25.10.06

Anonymität in der Großstadt

Man stelle sich vor, man sitzt in der Berliner S-Bahn und fühlt sich genervt von Walter Benjamin-Diskussionen von zwei Tagungsteilnehmern, die zur öffentlichen Review der Veranstaltung schreiten. Vielleicht hätte der eine Herr, der zum Beispiel Goebel heissen könnte, vorher ein bisschen sein Namensschild beseitigen sollen, denn die Großstadt ist voll urbanem blogger-totalitarisme, die Privatisierung der Postmoderne ist schon zu weit fortgeschritten, als dass man sich noch leisten könnte, im öffentlichen Raum unbesorgt privat zu reden.

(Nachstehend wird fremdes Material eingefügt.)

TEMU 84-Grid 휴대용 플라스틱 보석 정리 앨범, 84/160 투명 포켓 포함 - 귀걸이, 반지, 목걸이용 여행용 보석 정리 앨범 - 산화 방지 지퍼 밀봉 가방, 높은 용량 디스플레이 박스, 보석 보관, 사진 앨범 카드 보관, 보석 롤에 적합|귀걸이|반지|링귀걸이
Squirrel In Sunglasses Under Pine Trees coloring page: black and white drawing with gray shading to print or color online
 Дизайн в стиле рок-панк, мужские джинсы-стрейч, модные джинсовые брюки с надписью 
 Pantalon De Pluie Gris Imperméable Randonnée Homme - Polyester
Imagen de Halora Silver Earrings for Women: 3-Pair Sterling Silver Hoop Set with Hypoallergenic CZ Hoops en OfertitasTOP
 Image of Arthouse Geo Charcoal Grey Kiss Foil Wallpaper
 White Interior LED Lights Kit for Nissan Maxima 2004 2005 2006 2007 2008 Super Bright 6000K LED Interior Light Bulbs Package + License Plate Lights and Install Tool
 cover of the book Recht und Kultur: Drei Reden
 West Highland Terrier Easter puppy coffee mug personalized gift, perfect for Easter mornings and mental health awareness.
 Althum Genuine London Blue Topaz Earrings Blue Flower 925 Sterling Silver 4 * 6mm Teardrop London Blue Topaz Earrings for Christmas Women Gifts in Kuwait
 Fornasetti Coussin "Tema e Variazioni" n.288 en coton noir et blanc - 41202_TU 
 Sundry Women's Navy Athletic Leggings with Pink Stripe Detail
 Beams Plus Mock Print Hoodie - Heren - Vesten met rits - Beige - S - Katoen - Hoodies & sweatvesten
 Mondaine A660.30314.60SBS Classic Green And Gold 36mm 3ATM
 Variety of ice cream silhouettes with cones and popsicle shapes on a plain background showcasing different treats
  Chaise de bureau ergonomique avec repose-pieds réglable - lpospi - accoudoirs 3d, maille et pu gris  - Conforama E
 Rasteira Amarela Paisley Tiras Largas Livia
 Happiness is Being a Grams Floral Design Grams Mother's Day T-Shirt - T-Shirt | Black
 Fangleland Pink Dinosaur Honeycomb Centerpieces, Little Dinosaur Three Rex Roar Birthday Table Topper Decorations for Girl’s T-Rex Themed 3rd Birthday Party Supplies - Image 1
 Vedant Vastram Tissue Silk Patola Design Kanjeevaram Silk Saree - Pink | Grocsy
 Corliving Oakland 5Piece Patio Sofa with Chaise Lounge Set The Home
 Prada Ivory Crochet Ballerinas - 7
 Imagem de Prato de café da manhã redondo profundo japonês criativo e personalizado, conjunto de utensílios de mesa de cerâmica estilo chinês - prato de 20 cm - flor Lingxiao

Privatsphäre ist heute ein besonderes Problem. Jemand sagte mir, man ziehe in die Großstadt um nicht ständig von Leuten umgeben zu sein, die einen kennen und beobachten. Wenn also der Drang in die Städte mit dem Wunsch nach Privatsphäre korrespondiert, dann frage ich mich, wie sich in Zukunft die Gewichte weiter verschieben werden durch Technologie. Man denke nur an Digitalfotos, einer lädt seine Bilder hoch und jeder könnte sehen, wer alles bei einer Veranstaltung war. Was heisst da Bild-Privatrazzis, das haben wir doch schon.

Auf dem Weltgipfel in Genf begrüßte das der BBC-Moderator Gowing noch begeistert, gerade im Zusammenhang 'Kriegsberichterstattung' gäbe es ganz neue Möglichkeiten durch diese - in 70er Terminologie - Demokratisierung der Medien. Jeder mit Digitalkamera ist aber auch einer, der Dir ggf. die Privatsphäre einschränkt. Bild-Mann Kai Diekmann soll das nun durch eine Aktion von Bildblog am eigenen Leib spüren. Ich glaube Bildblog hat die aktiveren Leser als sein Butter-und-Brötchen Blatt. Im übrigen finde ich die journalistische Aufregung über die Bild-Fotoaktion, gegen die Bilbblog mit dem Diekmann-Schnappschiessen kontert, übertrieben. Denn da sind wir schon lange daran vorbei gezogen, die Bild hat begrenzten Seitenvorrat für Schnappschüsse, von denen eine Woche später keiner mehr was weiss. Online dagegen liegen keine echten Einschränkungen vor und fast nichts geht verloren. Mal gucken, ob in 100 Jahren, die Urenkel ihren Uropa auf dem Gang zur Arbeit im Überwachungskameraarchiv beobachten können, ich meine: werden.

Das Album mit meinen Urgrosseltern und lauter Leuten in seltsamen Uniformen vor 1920, bei denen ich keine Ahnung habe, ob ich mit denen verwandt bin, sind dagegen Zeichen des Wissensverfalls. Vergessen hat auch seine Vorteile, nicht wahr. Im Zweifel wünschen wir uns aber doch alles zu wissen.